» Problem: Once "Building Photo - 2016 NE 17th Ct" turns up in a line below, reproduce that line and those after it exactly, stopping after the line with "Photo 1: Single bed"; leave pictures out.

*** Opening of Provided data ***

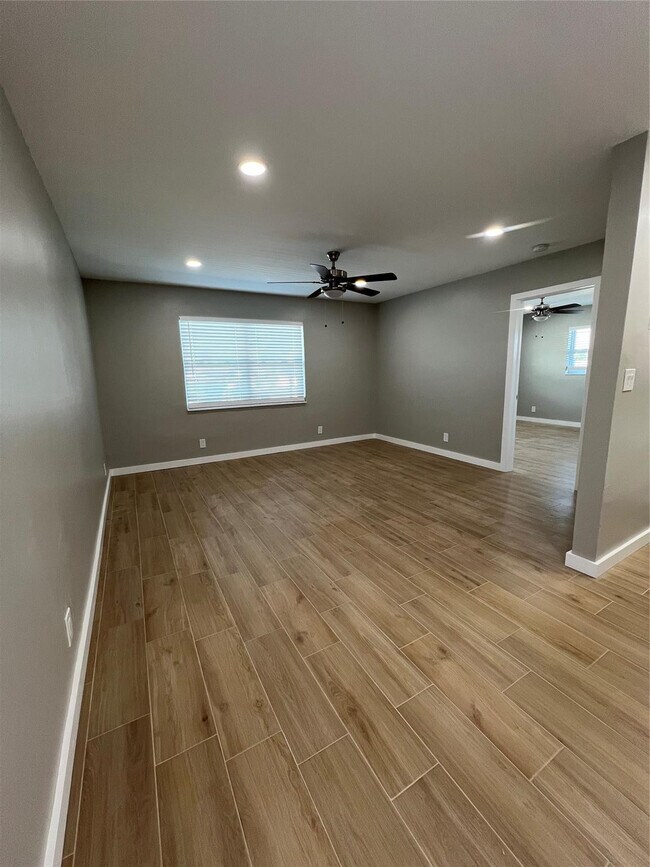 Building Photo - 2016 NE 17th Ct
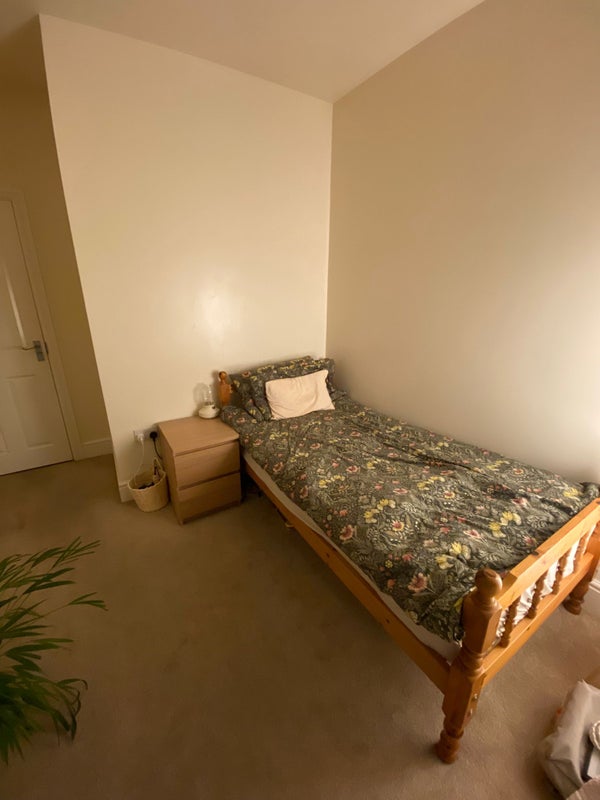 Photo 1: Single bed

*** Close of Provided data ***
*** Opening of Provided data ***

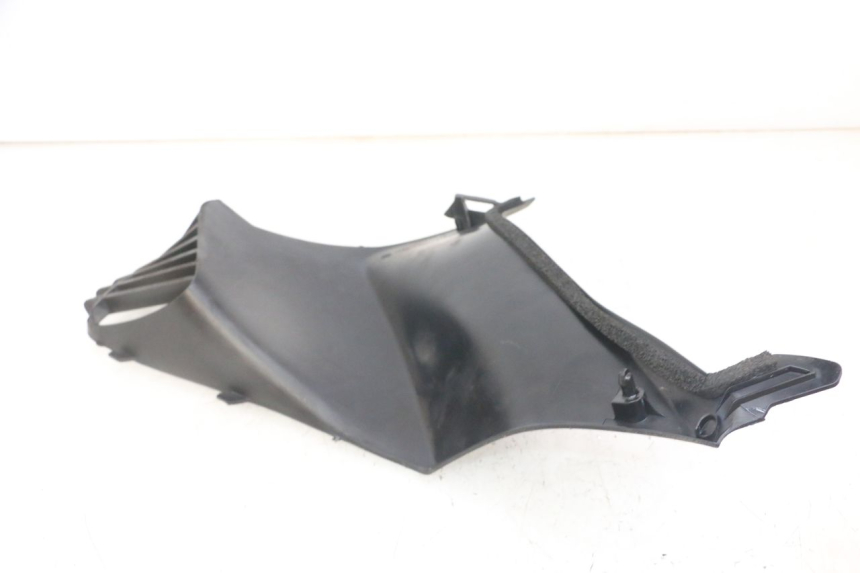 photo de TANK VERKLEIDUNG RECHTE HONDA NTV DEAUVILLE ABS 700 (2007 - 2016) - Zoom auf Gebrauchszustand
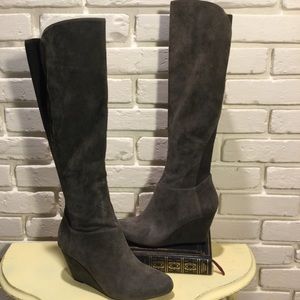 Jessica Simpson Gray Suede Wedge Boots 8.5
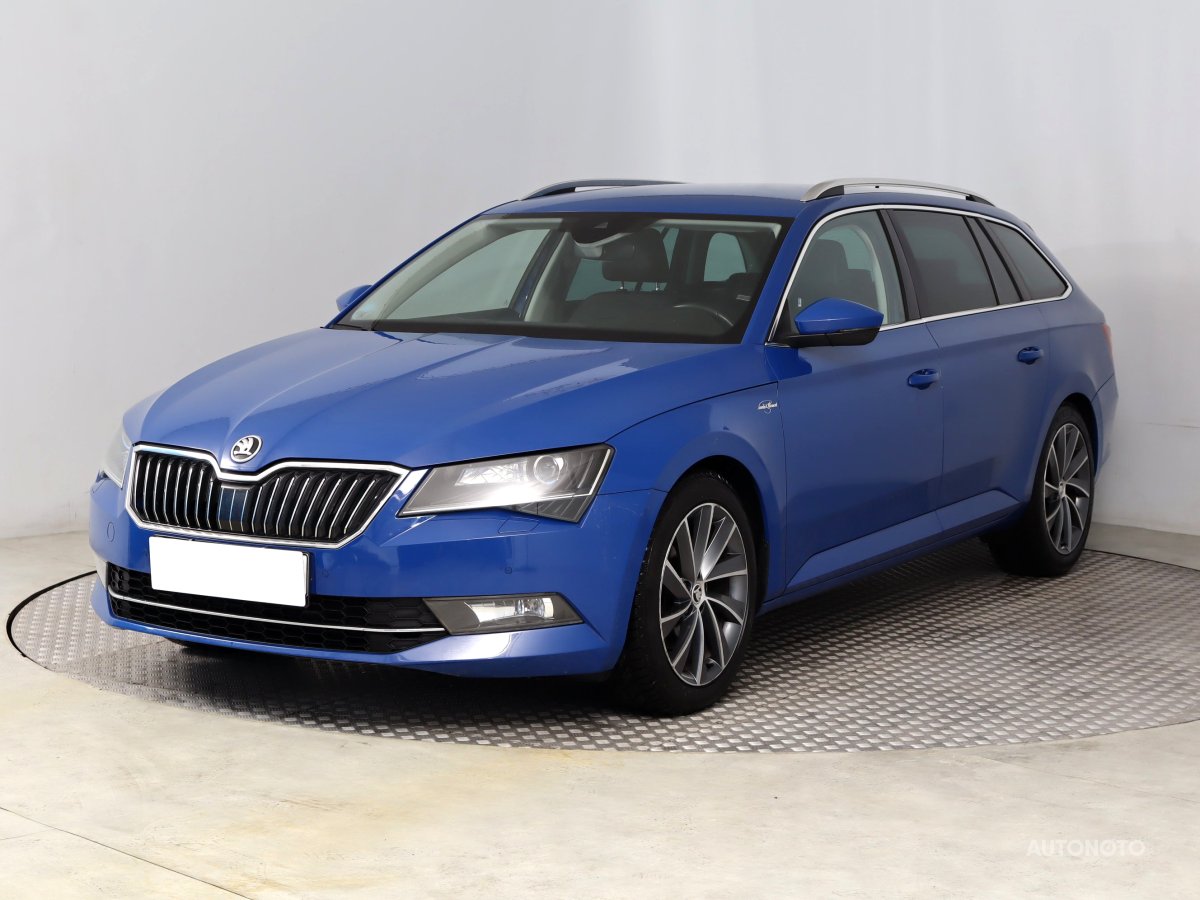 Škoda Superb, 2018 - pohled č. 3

*** Close of Provided data ***
*** Opening of Provided data ***

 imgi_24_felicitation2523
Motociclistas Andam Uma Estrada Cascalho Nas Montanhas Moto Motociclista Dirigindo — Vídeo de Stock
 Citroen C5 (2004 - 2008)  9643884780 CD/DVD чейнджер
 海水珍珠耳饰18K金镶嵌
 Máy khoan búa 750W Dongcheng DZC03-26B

*** Close of Provided data ***

» Reply:
 Building Photo - 2016 NE 17th Ct
 Photo 1: Single bed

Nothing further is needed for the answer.